Sein erstes Geld mit der Kunst verdiente Heesters, der vor der Bühnenausbildung eine Banklehre gemacht hatte, in den Niederlanden. Richtig populär wurde er aber in Deutschland: 1935 debütierte er in Berlin am Theater, 1936 drehte er mit Marika Röck "Der Bettelstudent".

Heesters hier, Heesters da, heißt es bis heute. Am 13. Dezember soll er im ZDF bei "Wetten, dass?" dabei sein. Scheucht ihn seine deutlich jüngere Frau Simone (59) zu solchen Auftritten, wie böse Zungen behaupten? Der Schauspieler widerspricht: "Soll ich zu Hause sitzen und warten, bis man mich holt? Ohne Arbeit würde ich richtig krank werden."

Der fast blinde und nicht mehr gut hörende Heesters muss zwar von seiner Frau gestützt und zur Bühne geführt werden. Doch wenn er sein Klavier erreicht hat, ist er in seinem Element. Die Stimme ist noch immer erstaunlich kraftvoll, das Textgedächtnis bewundernswert, auch wenn er ab und an mal Hilfe braucht.

Für den 105. Geburtstag hat er konkrete Wünsche geäußert. Zum Frühstück hätte er gern Bananen-Milchshake, mittags soll es Matjes geben. Zum Fest wollen auch die Töchter, drei Enkel und vier Urenkel anreisen.
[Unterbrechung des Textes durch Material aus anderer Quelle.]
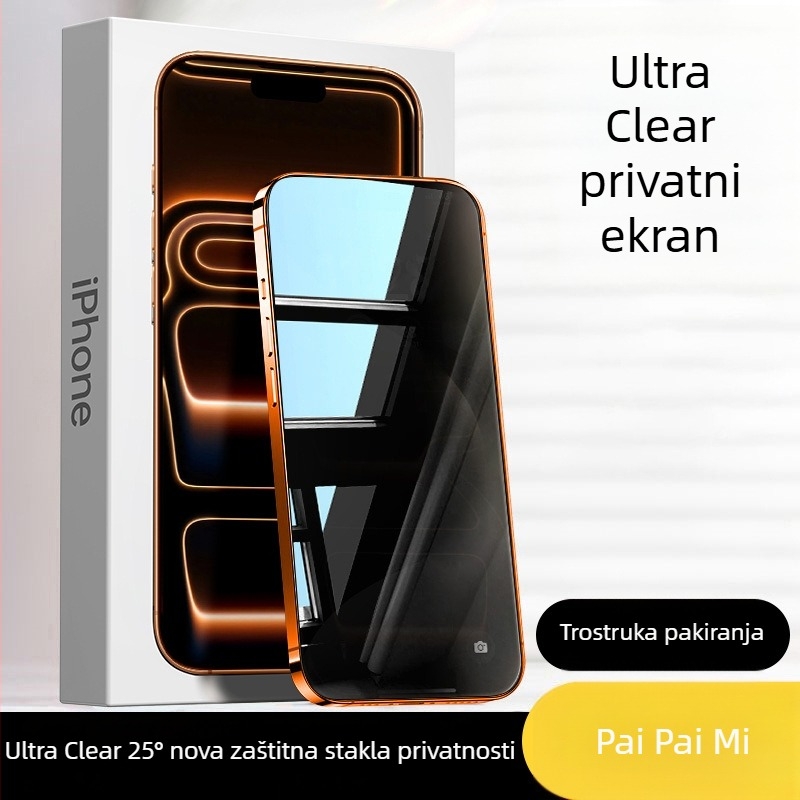 Papami zaštitnik zaslona od kaljenog stakla za iPhone 14 Pro Max – prednji, cijeli zaslon, zaštita privatnosti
Vom Leben erschöpft fühlt sich Heesters nicht. "Ich habe noch längst keine Lust zu gehen", sagte er der Frau im Spiegel. Er fühle sich "sehr gut", habe "Blutwerte wie ein junger Mann". Über das Ende denkt er nicht nach: "Selbst mit meiner Frau spreche ich nicht über Tod oder Beerdigung." Man solle sich die Gegenwart nicht mit solchen Themen kaputt mache: "Genießen wir lieber das Leben."